> What needs to be done
Return the data below exactly, stopping after the line with "The Trim to".

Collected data
◇ ◇ ◇ ◇ ◇ ◇ ◇
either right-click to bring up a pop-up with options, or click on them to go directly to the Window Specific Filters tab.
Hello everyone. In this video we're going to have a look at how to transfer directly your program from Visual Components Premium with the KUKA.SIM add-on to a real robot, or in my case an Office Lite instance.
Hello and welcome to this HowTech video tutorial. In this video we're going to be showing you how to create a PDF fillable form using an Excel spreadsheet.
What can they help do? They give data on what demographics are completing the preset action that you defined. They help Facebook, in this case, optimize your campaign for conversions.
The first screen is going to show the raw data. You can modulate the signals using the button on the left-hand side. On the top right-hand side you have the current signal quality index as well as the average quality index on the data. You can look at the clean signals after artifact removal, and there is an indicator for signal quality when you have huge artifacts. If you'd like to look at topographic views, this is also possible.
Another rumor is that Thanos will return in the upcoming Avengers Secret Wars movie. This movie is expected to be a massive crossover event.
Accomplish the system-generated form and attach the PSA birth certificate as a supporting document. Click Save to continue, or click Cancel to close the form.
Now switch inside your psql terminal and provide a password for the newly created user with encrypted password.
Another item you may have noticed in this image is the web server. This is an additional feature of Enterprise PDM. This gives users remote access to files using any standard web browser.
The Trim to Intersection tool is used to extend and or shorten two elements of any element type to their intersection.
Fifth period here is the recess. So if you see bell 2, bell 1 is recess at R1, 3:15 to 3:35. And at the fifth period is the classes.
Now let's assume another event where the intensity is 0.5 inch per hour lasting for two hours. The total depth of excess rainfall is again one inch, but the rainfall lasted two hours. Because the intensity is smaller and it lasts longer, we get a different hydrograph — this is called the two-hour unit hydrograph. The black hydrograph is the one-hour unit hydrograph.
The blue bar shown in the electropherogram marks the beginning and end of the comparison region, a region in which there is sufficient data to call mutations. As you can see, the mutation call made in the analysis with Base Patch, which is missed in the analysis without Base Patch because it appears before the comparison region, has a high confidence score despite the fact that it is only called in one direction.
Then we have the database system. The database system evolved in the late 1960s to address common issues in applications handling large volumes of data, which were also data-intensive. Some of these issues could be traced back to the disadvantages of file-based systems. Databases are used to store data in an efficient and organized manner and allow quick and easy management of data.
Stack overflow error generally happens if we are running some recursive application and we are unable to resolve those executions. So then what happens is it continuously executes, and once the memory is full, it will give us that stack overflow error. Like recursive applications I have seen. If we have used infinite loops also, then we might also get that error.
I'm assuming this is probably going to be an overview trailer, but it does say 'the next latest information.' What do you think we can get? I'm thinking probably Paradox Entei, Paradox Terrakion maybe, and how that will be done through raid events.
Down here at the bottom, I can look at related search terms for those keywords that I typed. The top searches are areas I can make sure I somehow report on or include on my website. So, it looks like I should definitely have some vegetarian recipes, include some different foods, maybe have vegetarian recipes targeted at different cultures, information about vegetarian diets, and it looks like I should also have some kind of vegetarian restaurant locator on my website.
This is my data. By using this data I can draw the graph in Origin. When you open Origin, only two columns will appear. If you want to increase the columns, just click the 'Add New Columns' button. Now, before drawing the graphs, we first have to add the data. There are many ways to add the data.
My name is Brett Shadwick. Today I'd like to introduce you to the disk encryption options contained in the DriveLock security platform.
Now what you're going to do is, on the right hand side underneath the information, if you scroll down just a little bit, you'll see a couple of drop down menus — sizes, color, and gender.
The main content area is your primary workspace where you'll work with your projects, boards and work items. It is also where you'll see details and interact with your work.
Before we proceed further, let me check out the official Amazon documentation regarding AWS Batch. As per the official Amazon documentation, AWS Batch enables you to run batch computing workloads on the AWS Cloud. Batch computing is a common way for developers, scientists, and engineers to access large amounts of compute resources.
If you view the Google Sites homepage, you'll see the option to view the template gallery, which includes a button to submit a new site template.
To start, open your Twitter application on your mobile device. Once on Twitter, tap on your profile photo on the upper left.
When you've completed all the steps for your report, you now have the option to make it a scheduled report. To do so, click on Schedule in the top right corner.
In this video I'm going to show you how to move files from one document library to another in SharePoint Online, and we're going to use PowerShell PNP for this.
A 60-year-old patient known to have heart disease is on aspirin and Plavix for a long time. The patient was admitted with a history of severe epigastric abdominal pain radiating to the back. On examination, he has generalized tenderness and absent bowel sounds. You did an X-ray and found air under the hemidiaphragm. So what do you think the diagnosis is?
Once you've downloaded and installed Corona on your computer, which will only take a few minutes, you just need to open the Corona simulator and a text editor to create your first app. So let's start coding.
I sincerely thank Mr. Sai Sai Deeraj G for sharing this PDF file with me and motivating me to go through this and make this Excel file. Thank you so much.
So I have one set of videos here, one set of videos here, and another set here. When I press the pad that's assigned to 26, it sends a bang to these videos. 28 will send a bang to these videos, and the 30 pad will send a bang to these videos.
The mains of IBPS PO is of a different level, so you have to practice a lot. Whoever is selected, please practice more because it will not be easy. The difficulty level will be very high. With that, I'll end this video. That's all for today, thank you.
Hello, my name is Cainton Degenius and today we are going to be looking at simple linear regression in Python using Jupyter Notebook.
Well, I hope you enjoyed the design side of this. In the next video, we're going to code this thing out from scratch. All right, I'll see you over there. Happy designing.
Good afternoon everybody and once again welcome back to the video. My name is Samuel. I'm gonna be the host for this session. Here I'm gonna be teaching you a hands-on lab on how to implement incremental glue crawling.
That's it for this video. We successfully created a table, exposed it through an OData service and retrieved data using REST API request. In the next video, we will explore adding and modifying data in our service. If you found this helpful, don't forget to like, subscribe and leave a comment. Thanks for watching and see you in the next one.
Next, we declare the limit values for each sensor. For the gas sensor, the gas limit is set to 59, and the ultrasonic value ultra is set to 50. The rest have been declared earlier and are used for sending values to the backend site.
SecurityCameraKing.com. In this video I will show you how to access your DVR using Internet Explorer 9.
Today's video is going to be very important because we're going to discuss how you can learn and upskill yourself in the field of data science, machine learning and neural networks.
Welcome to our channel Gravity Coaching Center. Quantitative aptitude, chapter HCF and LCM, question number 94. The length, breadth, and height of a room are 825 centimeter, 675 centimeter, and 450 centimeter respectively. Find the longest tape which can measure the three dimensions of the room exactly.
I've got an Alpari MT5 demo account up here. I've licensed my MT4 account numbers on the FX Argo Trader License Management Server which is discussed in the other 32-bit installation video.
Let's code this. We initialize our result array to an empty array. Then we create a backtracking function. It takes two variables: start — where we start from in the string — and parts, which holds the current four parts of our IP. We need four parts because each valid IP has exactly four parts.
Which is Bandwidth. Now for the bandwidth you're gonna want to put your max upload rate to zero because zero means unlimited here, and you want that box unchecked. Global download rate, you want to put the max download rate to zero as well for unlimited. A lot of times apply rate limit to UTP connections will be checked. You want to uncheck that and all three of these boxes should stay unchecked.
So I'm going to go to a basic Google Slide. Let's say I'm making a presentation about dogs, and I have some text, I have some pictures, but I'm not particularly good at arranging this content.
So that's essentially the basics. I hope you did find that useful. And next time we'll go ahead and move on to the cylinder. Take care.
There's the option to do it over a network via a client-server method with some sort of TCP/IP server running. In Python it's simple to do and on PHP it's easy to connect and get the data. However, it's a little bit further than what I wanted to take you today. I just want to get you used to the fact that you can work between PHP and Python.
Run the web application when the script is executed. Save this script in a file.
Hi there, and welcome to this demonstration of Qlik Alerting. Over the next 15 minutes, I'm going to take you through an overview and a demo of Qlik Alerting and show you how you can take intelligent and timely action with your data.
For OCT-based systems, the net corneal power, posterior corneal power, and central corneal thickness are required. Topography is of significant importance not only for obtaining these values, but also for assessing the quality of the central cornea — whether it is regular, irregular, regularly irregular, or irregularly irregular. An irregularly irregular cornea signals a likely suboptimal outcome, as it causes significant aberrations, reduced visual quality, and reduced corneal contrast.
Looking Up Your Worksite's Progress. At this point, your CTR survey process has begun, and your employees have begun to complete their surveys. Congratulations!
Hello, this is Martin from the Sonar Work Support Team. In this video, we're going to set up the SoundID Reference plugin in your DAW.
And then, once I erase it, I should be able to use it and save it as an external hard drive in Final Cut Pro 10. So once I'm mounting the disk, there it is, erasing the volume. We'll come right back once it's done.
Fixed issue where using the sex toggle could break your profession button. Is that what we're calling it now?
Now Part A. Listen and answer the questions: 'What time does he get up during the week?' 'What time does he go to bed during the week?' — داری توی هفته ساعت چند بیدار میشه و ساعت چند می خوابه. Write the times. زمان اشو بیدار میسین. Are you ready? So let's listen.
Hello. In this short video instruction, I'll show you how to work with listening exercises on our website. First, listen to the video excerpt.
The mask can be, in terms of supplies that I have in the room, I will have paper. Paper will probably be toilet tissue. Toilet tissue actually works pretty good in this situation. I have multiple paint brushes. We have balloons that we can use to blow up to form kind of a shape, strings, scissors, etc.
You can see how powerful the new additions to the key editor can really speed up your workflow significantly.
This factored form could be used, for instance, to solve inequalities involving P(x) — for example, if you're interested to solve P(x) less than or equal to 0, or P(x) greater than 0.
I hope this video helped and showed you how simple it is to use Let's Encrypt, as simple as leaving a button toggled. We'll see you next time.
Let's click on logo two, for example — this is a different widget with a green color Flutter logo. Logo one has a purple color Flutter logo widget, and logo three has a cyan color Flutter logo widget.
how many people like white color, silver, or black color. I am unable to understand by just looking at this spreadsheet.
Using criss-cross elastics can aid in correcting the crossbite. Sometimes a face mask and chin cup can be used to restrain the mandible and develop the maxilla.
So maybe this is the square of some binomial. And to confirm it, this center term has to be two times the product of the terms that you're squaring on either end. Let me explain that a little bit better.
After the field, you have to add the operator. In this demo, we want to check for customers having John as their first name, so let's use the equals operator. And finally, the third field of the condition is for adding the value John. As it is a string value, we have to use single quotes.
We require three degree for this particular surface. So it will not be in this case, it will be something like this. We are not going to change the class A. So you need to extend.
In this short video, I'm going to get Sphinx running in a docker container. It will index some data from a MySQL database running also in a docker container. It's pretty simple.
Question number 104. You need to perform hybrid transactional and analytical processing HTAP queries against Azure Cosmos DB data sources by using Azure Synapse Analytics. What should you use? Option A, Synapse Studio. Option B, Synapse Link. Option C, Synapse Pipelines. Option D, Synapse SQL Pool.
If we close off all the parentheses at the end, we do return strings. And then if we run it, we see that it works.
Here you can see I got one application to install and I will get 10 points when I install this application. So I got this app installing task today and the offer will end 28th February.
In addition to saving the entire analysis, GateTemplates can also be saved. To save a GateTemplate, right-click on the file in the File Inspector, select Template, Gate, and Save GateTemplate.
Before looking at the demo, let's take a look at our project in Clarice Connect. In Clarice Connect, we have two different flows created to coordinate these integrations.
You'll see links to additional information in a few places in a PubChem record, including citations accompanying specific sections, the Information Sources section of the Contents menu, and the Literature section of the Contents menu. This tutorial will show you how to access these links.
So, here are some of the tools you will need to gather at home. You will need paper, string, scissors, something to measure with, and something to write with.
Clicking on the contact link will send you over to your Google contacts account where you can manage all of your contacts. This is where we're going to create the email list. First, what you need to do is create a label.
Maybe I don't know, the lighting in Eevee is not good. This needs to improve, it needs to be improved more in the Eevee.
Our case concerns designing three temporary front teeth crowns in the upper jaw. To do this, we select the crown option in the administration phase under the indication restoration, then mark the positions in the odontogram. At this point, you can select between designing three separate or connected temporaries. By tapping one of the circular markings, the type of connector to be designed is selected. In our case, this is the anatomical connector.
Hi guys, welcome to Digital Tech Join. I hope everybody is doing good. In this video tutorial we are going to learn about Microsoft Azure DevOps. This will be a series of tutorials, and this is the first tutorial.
◇ ◇ ◇ ◇ ◇ ◇ ◇
> Answer to the problem
either right-click to bring up a pop-up with options, or click on them to go directly to the Window Specific Filters tab.
Hello everyone. In this video we're going to have a look at how to transfer directly your program from Visual Components Premium with the KUKA.SIM add-on to a real robot, or in my case an Office Lite instance.
Hello and welcome to this HowTech video tutorial. In this video we're going to be showing you how to create a PDF fillable form using an Excel spreadsheet.
What can they help do? They give data on what demographics are completing the preset action that you defined. They help Facebook, in this case, optimize your campaign for conversions.
The first screen is going to show the raw data. You can modulate the signals using the button on the left-hand side. On the top right-hand side you have the current signal quality index as well as the average quality index on the data. You can look at the clean signals after artifact removal, and there is an indicator for signal quality when you have huge artifacts. If you'd like to look at topographic views, this is also possible.
Another rumor is that Thanos will return in the upcoming Avengers Secret Wars movie. This movie is expected to be a massive crossover event.
Accomplish the system-generated form and attach the PSA birth certificate as a supporting document. Click Save to continue, or click Cancel to close the form.
Now switch inside your psql terminal and provide a password for the newly created user with encrypted password.
Another item you may have noticed in this image is the web server. This is an additional feature of Enterprise PDM. This gives users remote access to files using any standard web browser.
The Trim to Intersection tool is used to extend and or shorten two elements of any element type to their intersection.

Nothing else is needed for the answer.